Ceux qui ont fréquenté la place de la République à Paris pendant Nuit Debout, seraient surpris aujourd’hui de l’absence de toute forme d’activité résiduelle de cet incroyable surgissement d’appétit démocratique.
Le ministère de l’Intérieur et la municipalité d’Anne Hidalgo, après avoir violemment mis fin aux réunions nocturnes et pacifiques ont fait en sorte qu’aucune forme de parole ne puisse s’installer durablement là où s’étaient tenus les débats.
En lieu et place du parlement improvisé, la décision a été prise de laisser une chaîne de magasins branchés financer la création d’un skate park. Si la chose est rare pour une place historique de centre-ville, ce qui surprend surtout c’est le choix de l’emplacement. Le skate parc empêche en effet le fonctionnement d’autres équipements pérennes comme la ludothèque, pourtant plébiscité par les usagers de tout âge.

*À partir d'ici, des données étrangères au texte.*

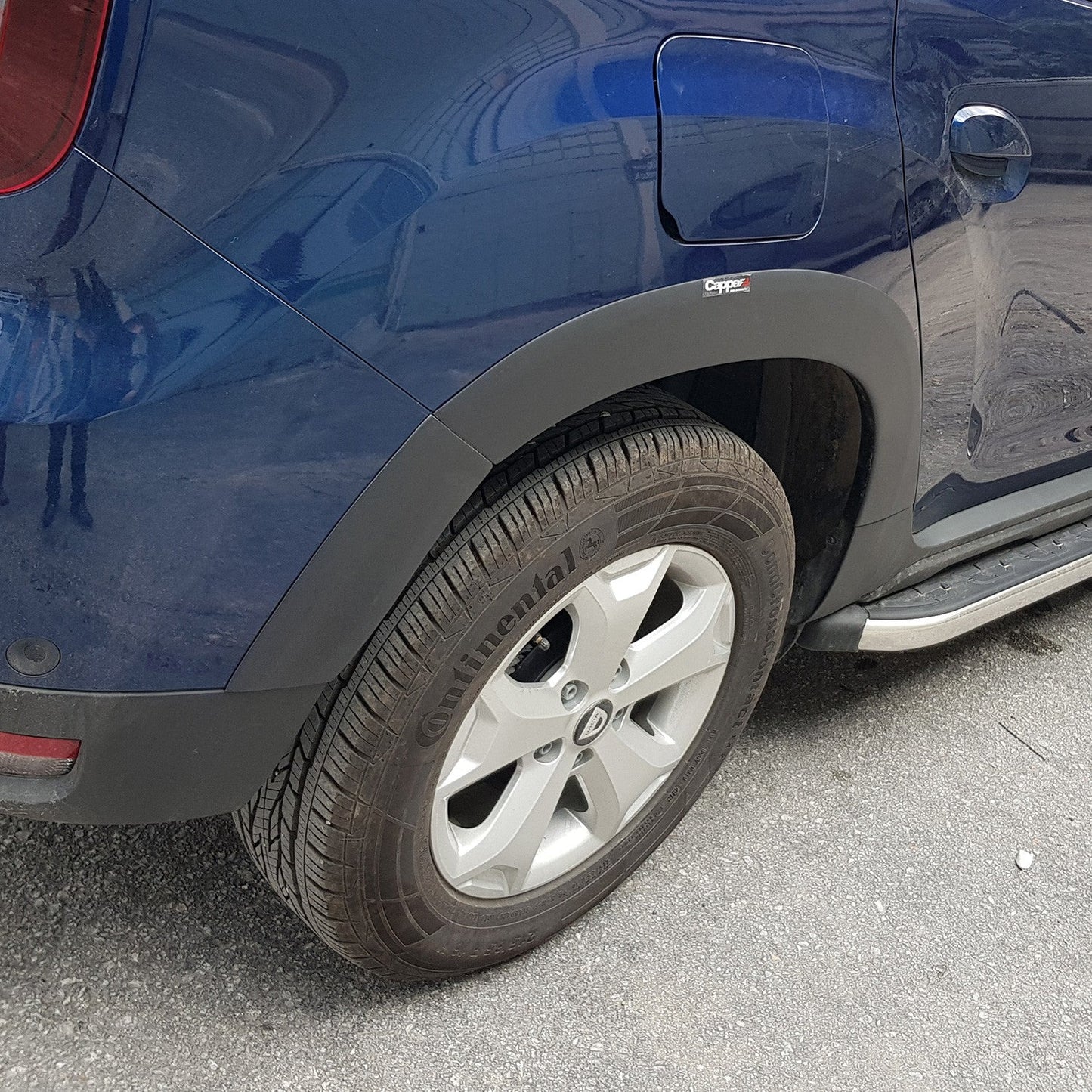Dacia Duster 2018 - 2024 Fender Flares 8pcs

Le bruit urbain et assourdissant des planches à roulettes exclut toute tentative de discuter à plus de trois personnes. Comme une espèce animale qu’on introduirait dans un écosystème pour en chasser une autre, les jeunes skateurs exhibent avec insouciance leurs figures spectaculaires, inconscients du fait qu’ils prennent part à un acte de censure.
Cette censure passive s’accompagne d’une autre transformation, moins contestable mais tout aussi furtive: l’installation d’un dispositif anti voiture bélier, décidé et mis en œuvre dans la plus grande discrétion. Dissimulé sous la forme de bancs en madrier, ce dispositif périmétrique bloque l’accès des véhicules à la place.
S’il est camouflé, c’est probablement pour ne pas alarmer la population et éviter les effets de bunkerisation de l’espace public qu’ont connu d’autres villes en prise avec le terrorisme, comme Beyrouth, le Caire ou Karachi. Paris se barricade, mais préfère rendre furtifs ces aménagements pour ne pas perdre son attrait touristique.
Au dire de plusieurs architectes qui travaillent actuellement sur des grands projets de places parisiennes, le dispositif anti voiture bélier est devenu quasi obligatoire pour tout nouvel aménagement. Autant dire que la fin de la terreur n’est pas pour demain.